Turceni has no alternative but to pursue new economic directions, and its authorities are fully aware of this. In late July, we visited deputy mayor Lucian Margineanu to hear more about the town’s efforts so far. 

Despite Turceni’s small size – it has around 7000 people – the local authorities are making substantial efforts both to attract new businesses to the area and take advantage of existing funding opportunities to advance the local energy transition.

They have held talks with companies recycling photovoltaic panels, manufacturing cold cuts and beverages, but have yet to attract significant new economic activities.

The EU’s Just Transition Fund has not even reached the region yet, as no calls for local authorities have been launched – only one for small and medium enterprises. 

Things are moving faster with other EU funds though, usually co-financed by the municipal budget. The local authorities have no fewer than eight EU-funded projects in areas such as energy-efficiency renovations of housing blocks and municipal buildings. The town hall itself was closed when we visited, due to an ongoing renovation. They’ve also applied for Modernisation Fund support to install a 350 kilowatts photovoltaic park near the town’s stadium.[*]

A staff member is also available to help residents access a programme by the national environmental fund to support the installation of solar photovoltaics on rooftops, which is expected to start again shortly after a hiatus, and will include battery storage options. The town also has a waste separation project starting soon with support from the Recovery fund, as well as an urban mobility plan.

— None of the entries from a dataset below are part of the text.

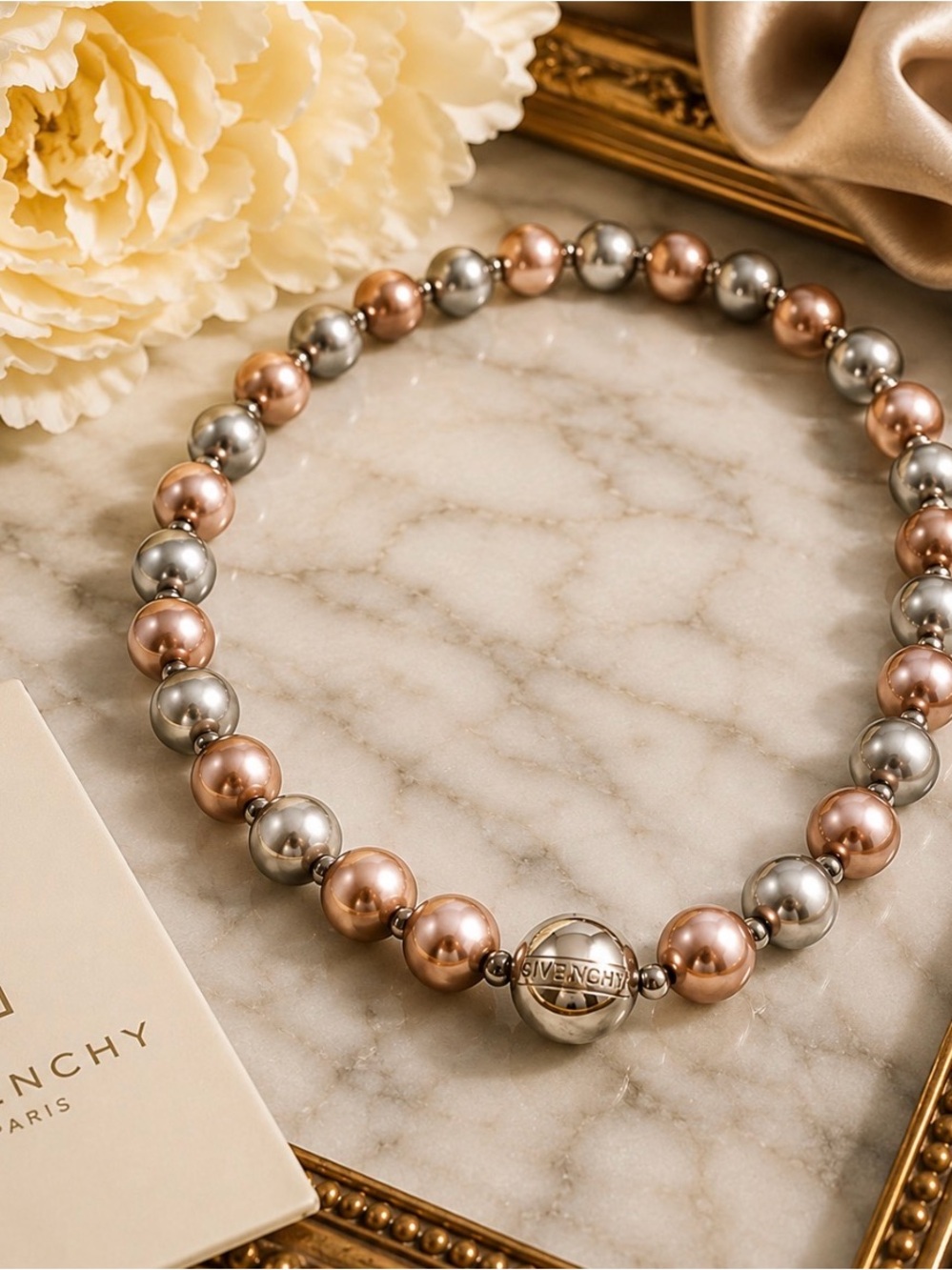 Givenchy Rose Gold & Silver Pearl Bead Necklace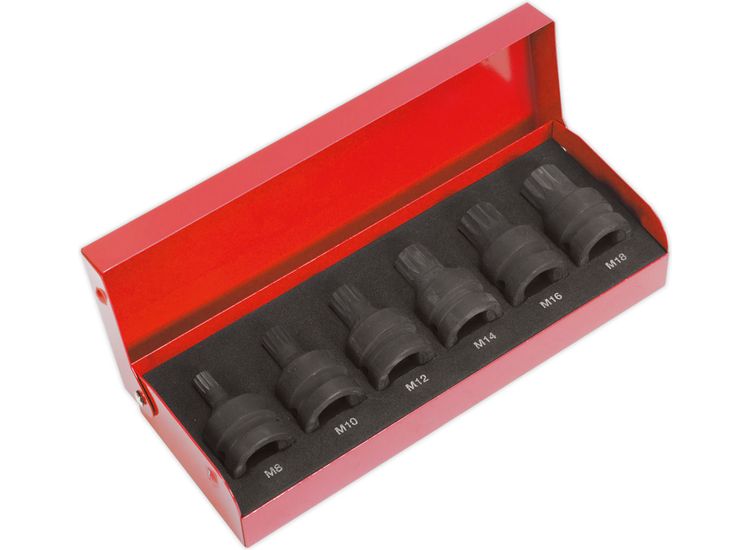 Sealey AK5608 Impact Spline Socket Bit Set 6pc 1/2"Sq Drive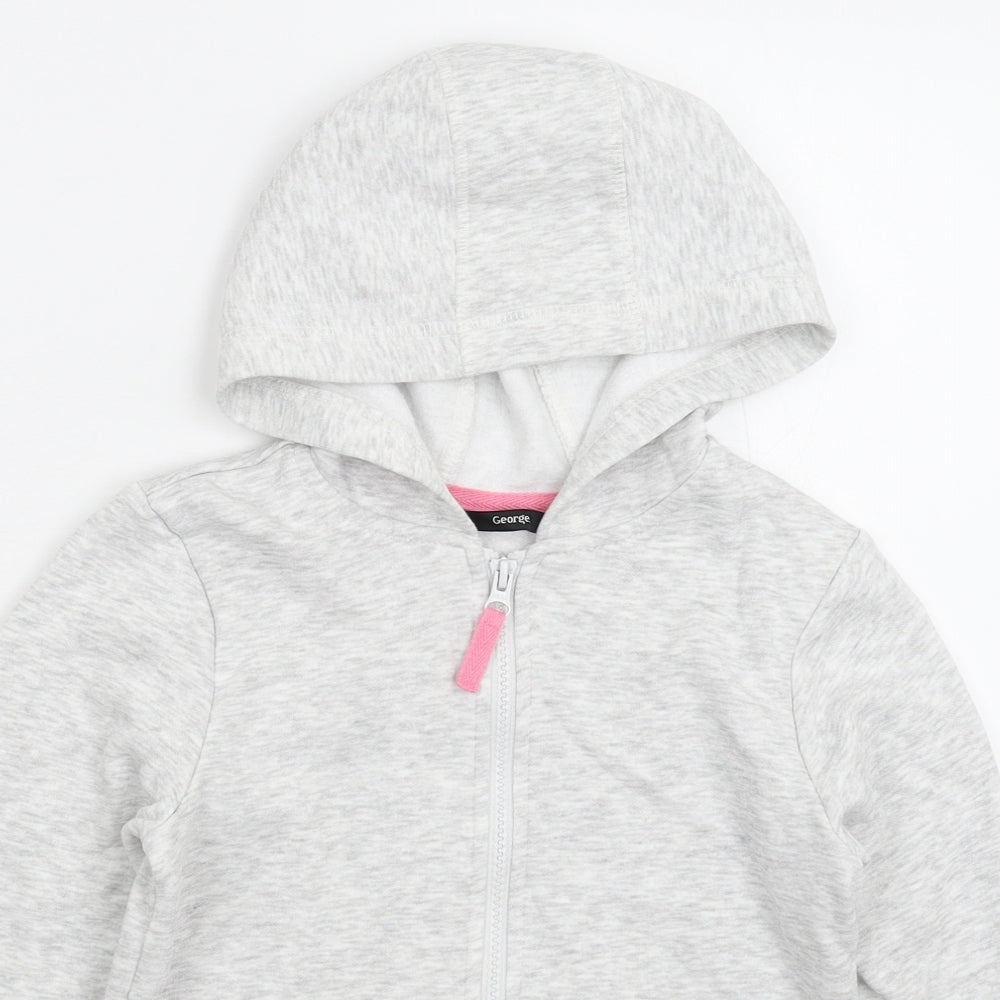 George Girls Grey   Full Zip Hoodie Size 8-9 Years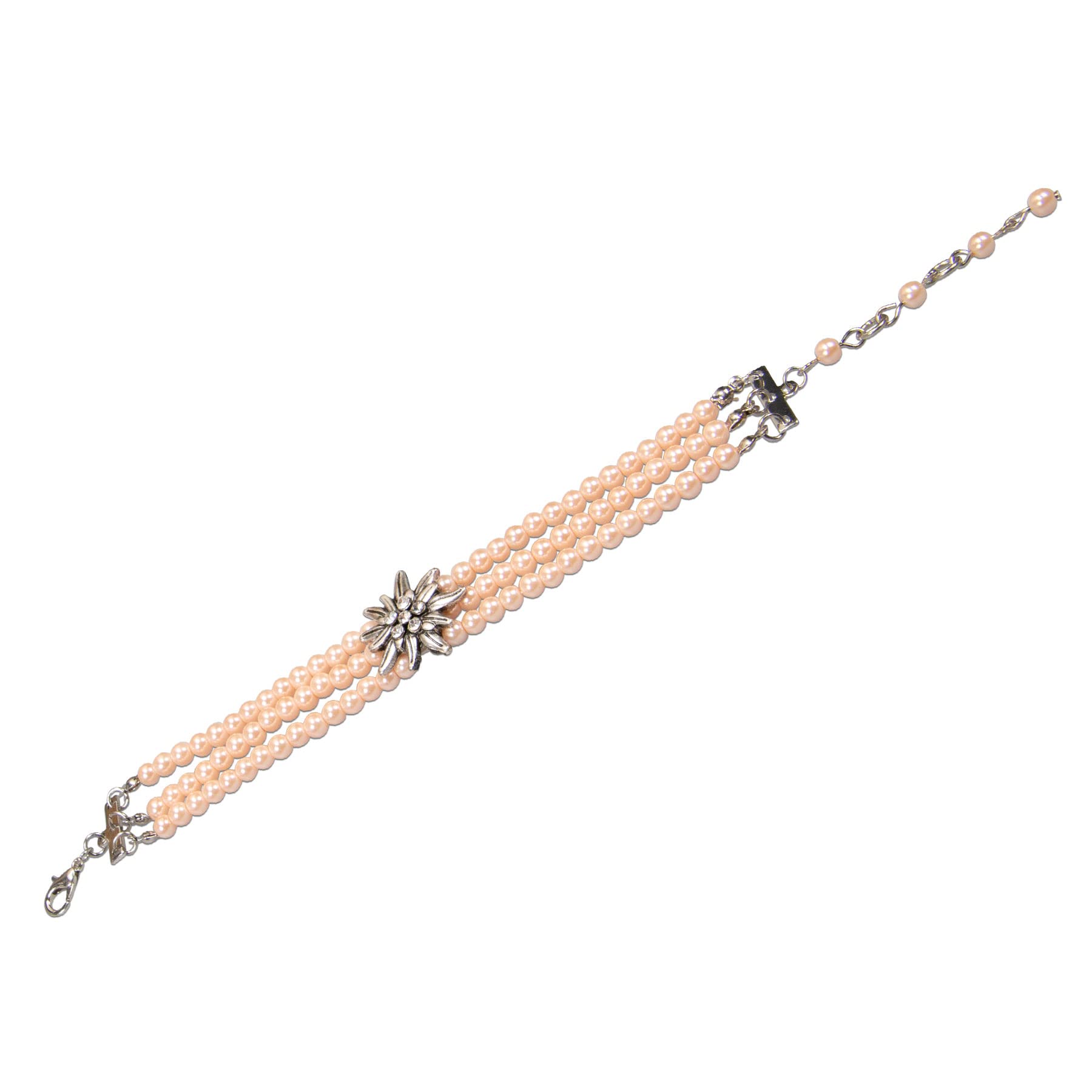 Alpenflüstern DAHEIM DAB082 Perlenarmkette Edelweiss 3-reihig creme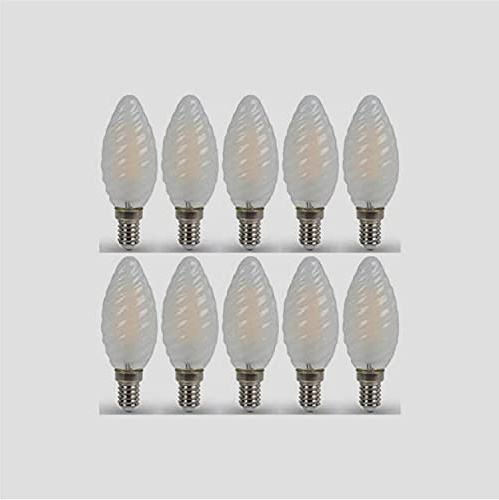 Lot de 10 ampoules LED tortillon 4,5 W 450 LM E14 2700 K verre smer.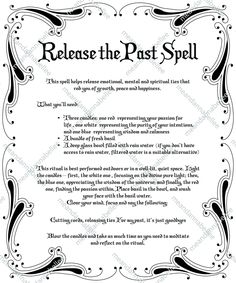 Release the Past Spell Image Witches' Dinner Party | Etsy Release The Past, Happiness Spell, Annabel Lee, Magia Das Ervas, Grimoire Book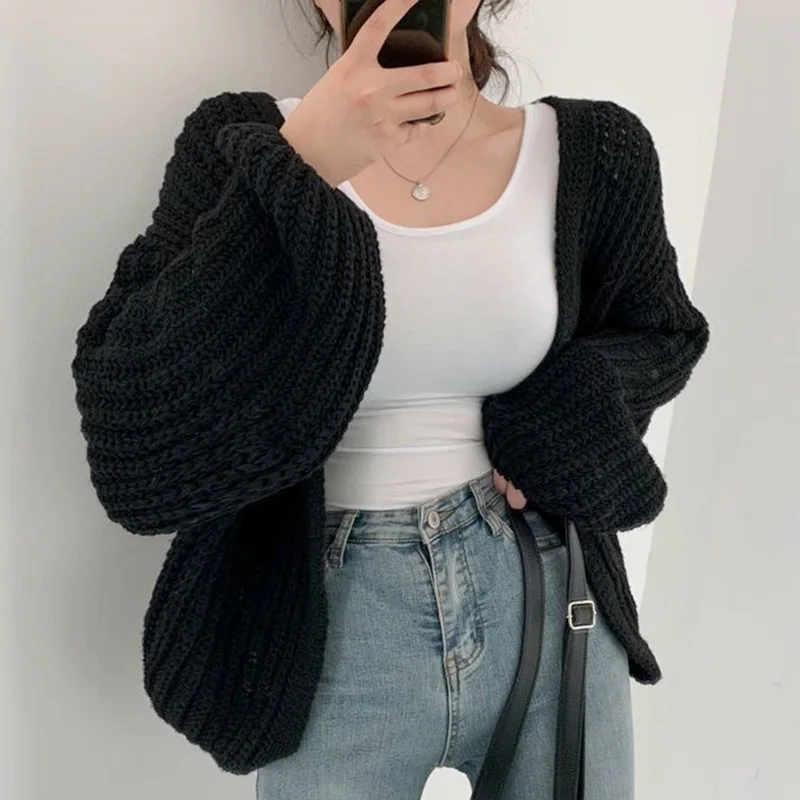 V-Neck Oversized Casual Solid Long Sleeve Lazy Elegant Holiday Y2K Streetwear Cardigan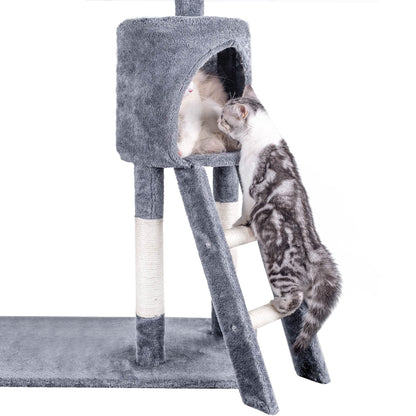 Cat Tree, 145cm Cat Scratching Post Multi-Level Stable Climbing Tower with Ladder, Indoor Pet Activity Furniture Play House for Kitty Kitten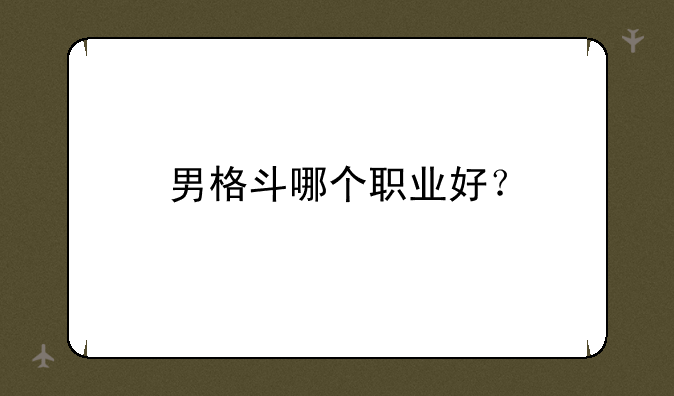 男格斗哪个职业好？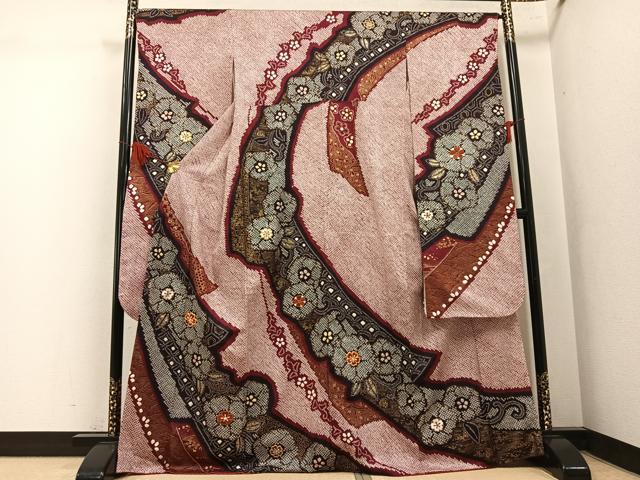 平和屋着物●豪華振袖 絞り 駒刺繍 舞花文 金彩 三越扱い 正絹 逸品 AABL1248ph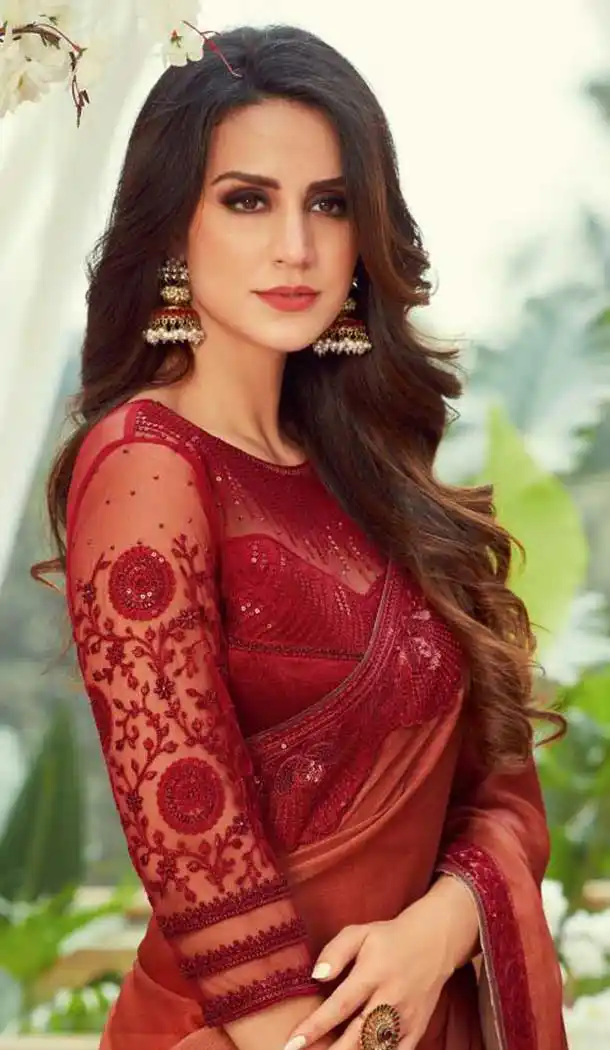 Gleaming Multi Color Chiffon Embroidered Designer Party Wear Saree Blouse -347120168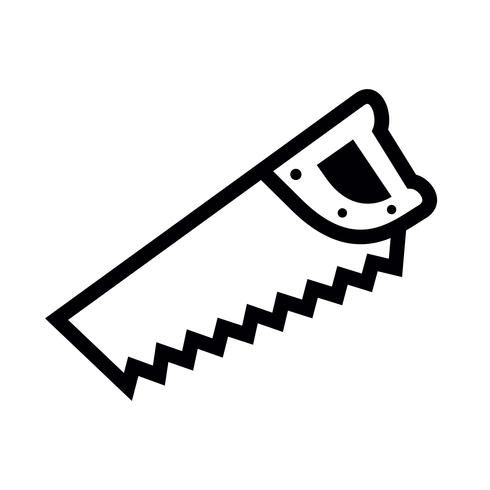 Hand saw construction tool for cutting wood. Cartoon illustration vector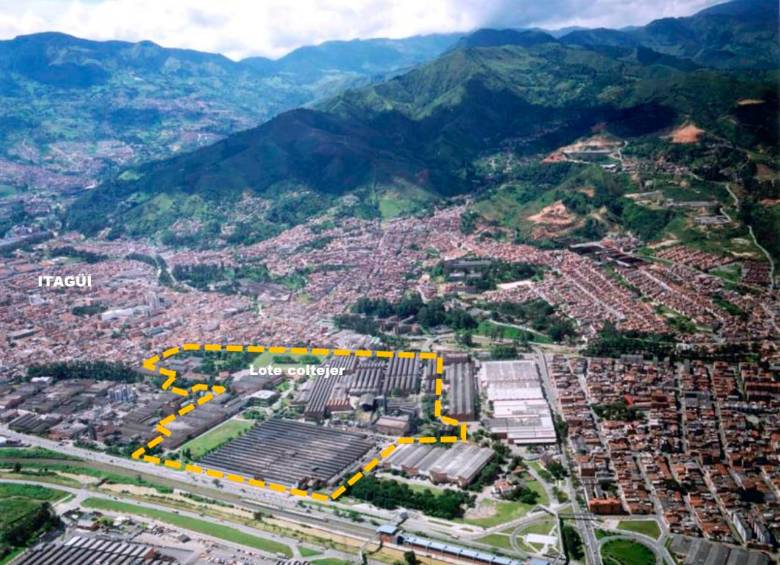 Delimitación de los predios que Coltejer desocupará en Itagüí para trasladar su operación a Rionegro . FOTO cortesía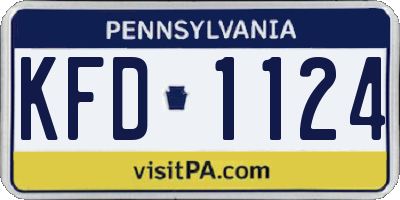 PA license plate KFD1124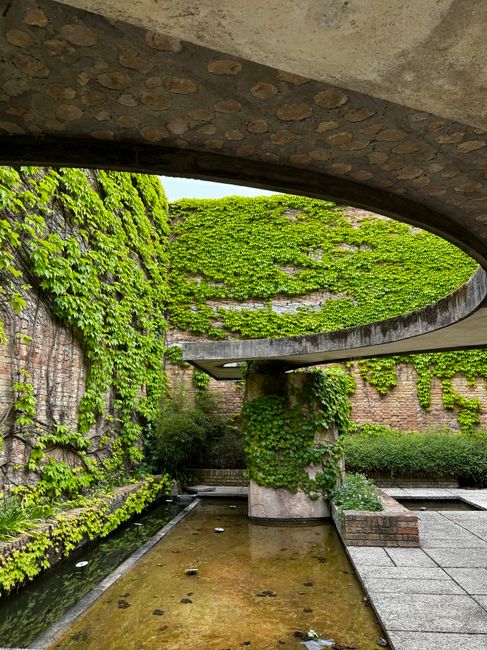 Beautiful ivy-covered walls and pavilion in Venice, Italy at Giardini della Biennale.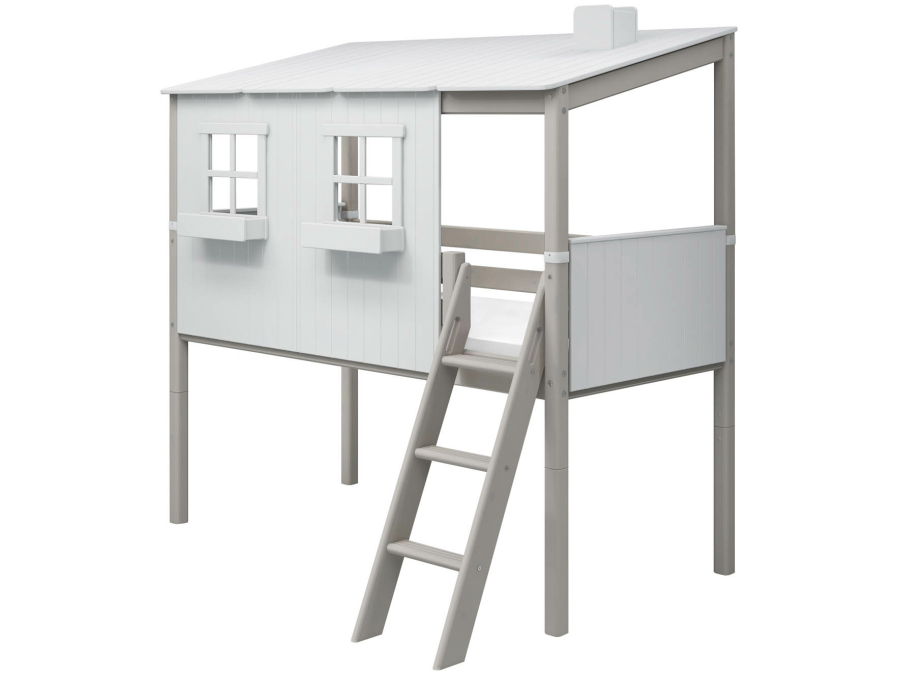 Flexa Classic halfhoogslaper m. 1/1 huis 90x200 greywash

The results of this work are already visible: the town is well-maintained and neat. Major gaps exist, but mainly as a result of a lack of financial support programmes by the national government. Energy efficiency renovations are only supported for housing blocks, not individual houses, despite significant needs, and no incentives for heat pumps are available in Romania.

But the town has a new gas distribution system, which will make the transition from fossil fuels even harder. Since 2021, houses can be connected to the gas distribution grid for free – a major step in the wrong direction which will take years to turn around.

Putting more meat on the transition will take time and needs continued EU support

Turceni perfectly illustrates the difficulties faced by local authorities in coal-dependent regions. People are used to massive coal power plants and mines and find it hard to accept that they will not be replaced by equally gargantuan industries. 

Smaller and less intrusive developments have lower environmental impacts and may provide safer jobs, but these come incrementally. People are beginning to feel impatient about the area’s redevelopment and some are moving to larger cities. 

Turceni shows that EU funds are reaching coal-dependent regions and making a visible impact. But even where the local authorities are proactive, this process takes time and funds supporting energy transition are not enough to ensure wider economic redevelopment. 

A just transition needs constant support over decades: as the EU considers its next budget from 2028 to 2034, it needs to ensure continuous dedicated support for such regions through the Just Transition Fund.


[*] In light of new information, we’ve updated the part of the text concerning Turceni’s application for support for a photovoltaics project via the Modernisation Fund (September 3, 2024).